Information:
--------------------
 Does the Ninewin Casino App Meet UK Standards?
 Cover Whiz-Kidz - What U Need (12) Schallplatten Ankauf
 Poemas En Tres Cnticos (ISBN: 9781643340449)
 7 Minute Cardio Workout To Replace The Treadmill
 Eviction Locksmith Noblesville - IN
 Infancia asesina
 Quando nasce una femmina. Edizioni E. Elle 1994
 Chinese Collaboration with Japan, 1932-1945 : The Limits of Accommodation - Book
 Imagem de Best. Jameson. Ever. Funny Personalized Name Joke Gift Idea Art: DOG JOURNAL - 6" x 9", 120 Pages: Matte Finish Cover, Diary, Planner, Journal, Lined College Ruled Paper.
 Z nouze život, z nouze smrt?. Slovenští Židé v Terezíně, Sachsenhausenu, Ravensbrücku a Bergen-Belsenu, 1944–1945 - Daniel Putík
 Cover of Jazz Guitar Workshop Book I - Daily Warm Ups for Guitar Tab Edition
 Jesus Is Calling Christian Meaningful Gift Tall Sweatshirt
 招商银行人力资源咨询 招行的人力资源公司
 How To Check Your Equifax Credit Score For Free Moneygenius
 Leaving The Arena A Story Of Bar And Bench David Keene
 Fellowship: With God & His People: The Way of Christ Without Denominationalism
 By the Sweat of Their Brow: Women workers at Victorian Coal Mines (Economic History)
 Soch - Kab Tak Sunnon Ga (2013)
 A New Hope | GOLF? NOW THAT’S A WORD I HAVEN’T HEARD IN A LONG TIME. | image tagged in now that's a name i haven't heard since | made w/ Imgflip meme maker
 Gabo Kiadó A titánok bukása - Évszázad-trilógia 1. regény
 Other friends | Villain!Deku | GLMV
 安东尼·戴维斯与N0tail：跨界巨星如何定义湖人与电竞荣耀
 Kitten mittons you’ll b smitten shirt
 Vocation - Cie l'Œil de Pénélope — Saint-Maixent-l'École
--------------------
Work instruction: Make a list of all lines in the data that contain "Book".

Solution for this problem:
 Chinese Collaboration with Japan, 1932-1945 : The Limits of Accommodation - Book
 Cover of Jazz Guitar Workshop Book I - Daily Warm Ups for Guitar Tab Edition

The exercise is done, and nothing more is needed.